I've decided I really like the tiny, tiny town, and it's for precisely the reasons that I originally thought I would hate it.

Take the trains, for example. Long, rattling, rusty traffic obstructions have turned out to be rolling art galleries with their own compelling musical accompaniment. I've seen all different kinds of tags and graffiti from all over the country rolling by-- not just the angular, near-illegible stack lettering, but also vivid stencils, cartoon monsters, Tim Burton-esque meadow scenes dotted with crooked headstones, and massive, cryptic logos. Lying in bed at night I try to isolate the individual notes that form the chord of the train's warning horn. It starts out as a minor chord with at least five notes, two of them wedged too close together and forming an edge of dissonance. But then as the train passes, the Doplar effect flattens the chord into something almost major, and nowhere near as pretty.

The town itself seems to be suffering from that same flattening effect. Apparently revenue from the railroad and the oil companies peaked sometime in the late sixties and then took a steady, graceful swan dive.
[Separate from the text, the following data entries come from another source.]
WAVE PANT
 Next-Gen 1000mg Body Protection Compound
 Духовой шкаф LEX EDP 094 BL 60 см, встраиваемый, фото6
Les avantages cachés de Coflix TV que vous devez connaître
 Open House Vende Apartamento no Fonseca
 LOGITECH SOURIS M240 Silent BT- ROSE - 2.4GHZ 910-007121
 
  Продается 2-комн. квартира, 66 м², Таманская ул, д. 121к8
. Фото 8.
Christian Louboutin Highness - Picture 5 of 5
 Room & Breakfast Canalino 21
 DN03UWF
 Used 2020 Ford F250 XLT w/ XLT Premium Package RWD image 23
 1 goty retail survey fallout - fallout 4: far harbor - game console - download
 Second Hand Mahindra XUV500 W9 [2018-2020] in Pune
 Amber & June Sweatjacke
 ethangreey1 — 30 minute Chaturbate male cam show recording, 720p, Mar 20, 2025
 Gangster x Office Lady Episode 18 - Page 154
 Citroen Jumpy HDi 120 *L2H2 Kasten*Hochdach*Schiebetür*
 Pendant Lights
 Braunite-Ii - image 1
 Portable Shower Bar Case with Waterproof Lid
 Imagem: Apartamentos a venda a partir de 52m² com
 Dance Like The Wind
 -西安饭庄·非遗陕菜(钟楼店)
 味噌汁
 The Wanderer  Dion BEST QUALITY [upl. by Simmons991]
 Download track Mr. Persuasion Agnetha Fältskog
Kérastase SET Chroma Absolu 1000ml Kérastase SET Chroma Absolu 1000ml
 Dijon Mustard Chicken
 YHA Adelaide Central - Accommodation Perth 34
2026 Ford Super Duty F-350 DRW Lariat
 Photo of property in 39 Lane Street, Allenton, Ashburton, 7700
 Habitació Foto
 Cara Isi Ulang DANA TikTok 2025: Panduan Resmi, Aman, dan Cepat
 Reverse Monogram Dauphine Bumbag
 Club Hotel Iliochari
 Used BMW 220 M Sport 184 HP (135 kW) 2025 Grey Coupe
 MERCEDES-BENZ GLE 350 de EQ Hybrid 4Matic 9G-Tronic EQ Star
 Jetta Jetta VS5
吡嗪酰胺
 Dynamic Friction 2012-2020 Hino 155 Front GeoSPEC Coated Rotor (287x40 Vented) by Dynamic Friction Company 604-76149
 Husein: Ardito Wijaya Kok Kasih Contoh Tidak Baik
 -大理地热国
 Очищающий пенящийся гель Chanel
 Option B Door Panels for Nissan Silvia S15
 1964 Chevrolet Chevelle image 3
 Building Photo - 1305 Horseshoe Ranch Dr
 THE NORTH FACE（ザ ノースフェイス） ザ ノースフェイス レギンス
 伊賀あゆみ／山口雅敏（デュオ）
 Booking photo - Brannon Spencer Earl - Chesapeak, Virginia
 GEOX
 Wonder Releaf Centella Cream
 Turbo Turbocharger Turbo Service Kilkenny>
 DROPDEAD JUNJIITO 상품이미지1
Most home improvement and construction projects followed the same trajectory, so in many ways driving into town feels like sinking slowly backwards into quicksand. Few places take credit cards and fewer take checks, scrub grass sprouts up from the cracks in parking lots, and even the good restaurants never seem to fill up on weekend nights.

I can't explain why, but this isn't as depressing as it sounds. It's a graceful decay. There are still stained glass sunsets and thunderstorms. Cactus plants and bouganvillias and giant shuddering honeysuckle bushes fill in the empty lots and shake petals and sweet scents loose. There's a creaky little old man who lives alone across the street from me, and he comes out to get his paper every morning. He walks with two canes and has to rest at the beginning, middle, and end of his ten foot journey. The whole thing takes him about ten minutes. Sometimes he sits by his front window and dozes off, and when I try to come up with a way to describe this town, I think of him, napping with the paper folded in his lap as the world goes by outside.

I also thought the podunk-edness of this place would get to me, but I have to admit to getting a bit of thrill when I see something as bizarre as a the fuzzy-haired man riding his rickety scooter down a darkened street last night, using a flashlight as a headlight and balancing a half-naked baby on one knee. Or the town drunk, a woman whose name everyone seems to know even though she refers to everyone, male or female, as "Babe," and spends her weekend nights doing saucy karaoke renditions of sixties folk songs in the pub by the tracks.

From one side, this could all look pretty bad-- a town in advanced economic decline whose residents are declining with it. But from another side, it could be a place in a rich, natural state of flux with the edges of nature closing in, a minor chord with a touch of dissonance.